• _The task_
Your output should be exactly the lines from the one containing "Sunglasses And Eyeglasses" through the last line of the listing, and nothing else. Pictures stay out.
***** Data
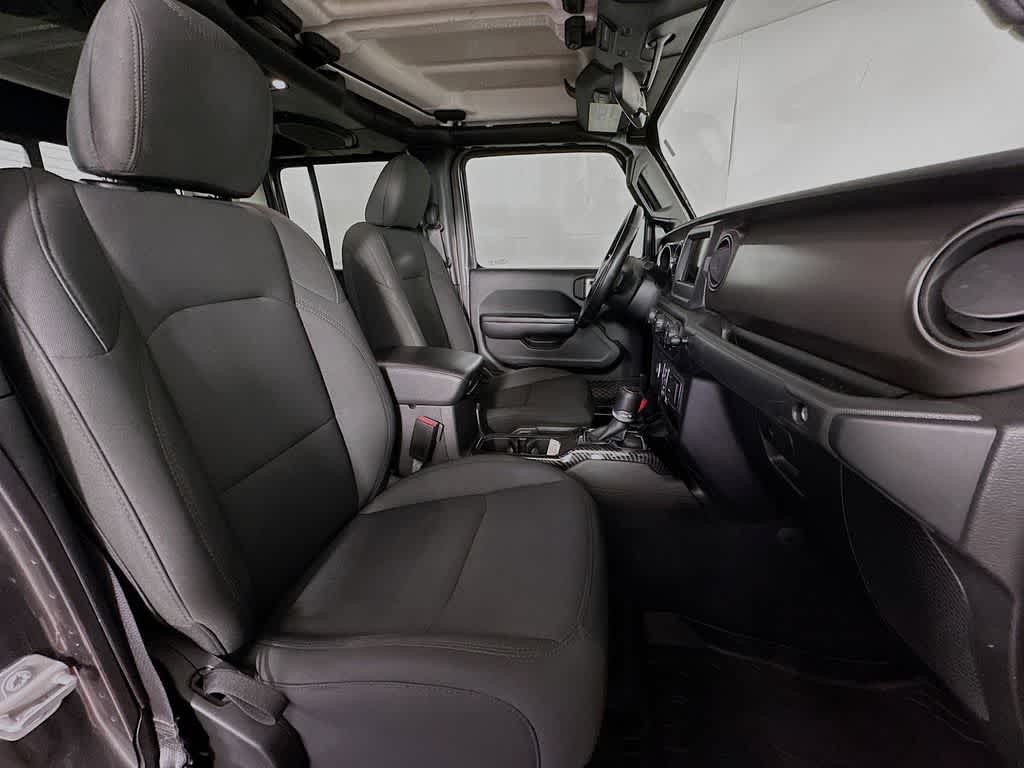 Thumbnail: 2021 Jeep Gladiator - 14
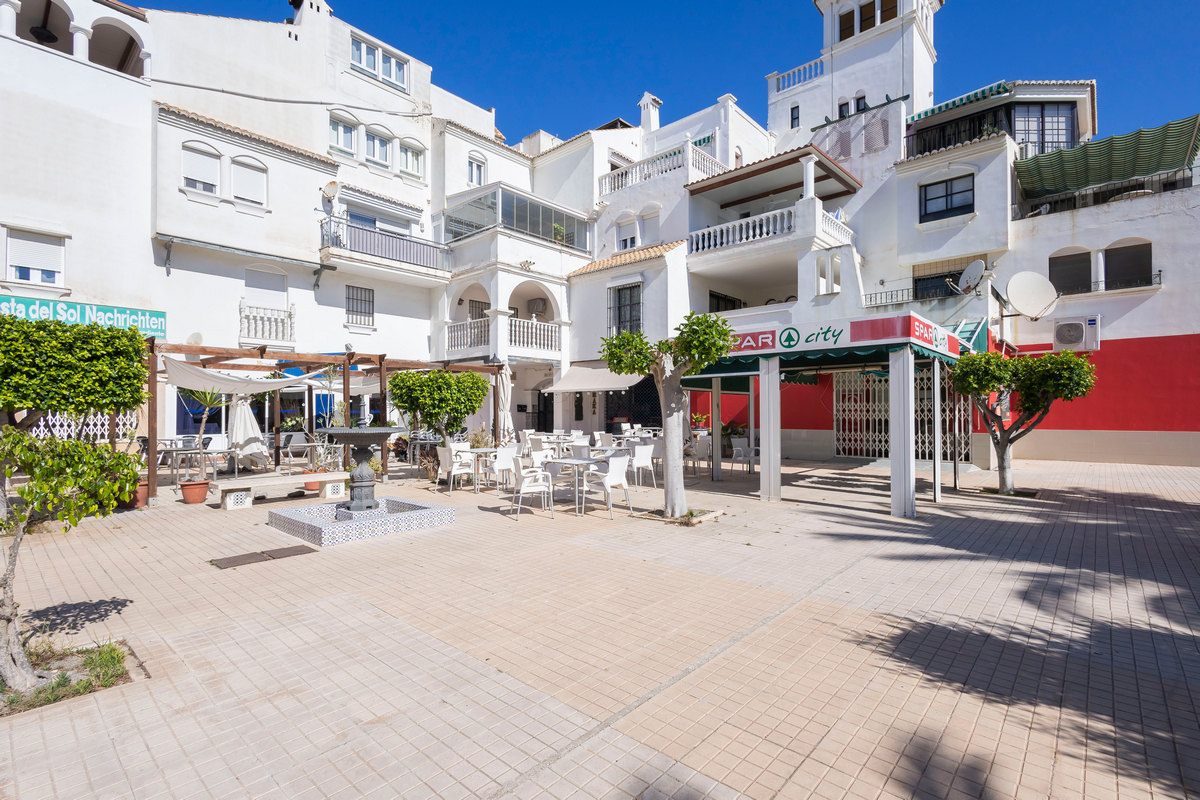 Apartamento en segunda línea de playa, Urb. Playa Serena
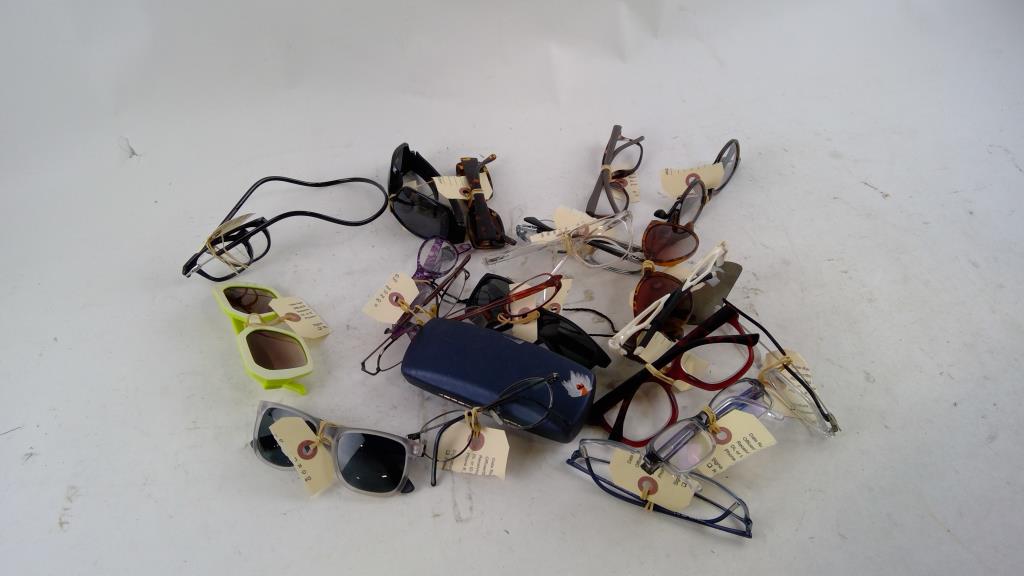 Sunglasses And Eyeglasses Bulk Lot,  20+ Pieces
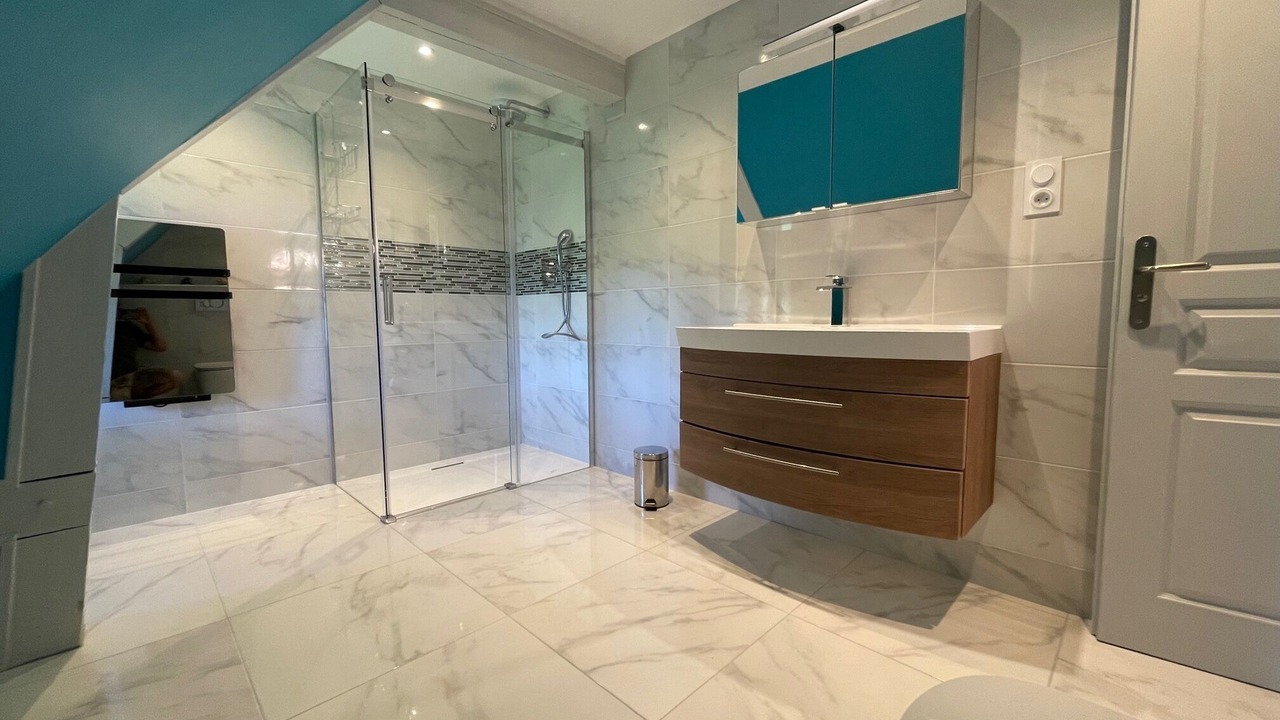 Photo of Bathroom in Genneville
**********
• _Result_
 Sunglasses And Eyeglasses Bulk Lot,  20+ Pieces
 Photo of Bathroom in Genneville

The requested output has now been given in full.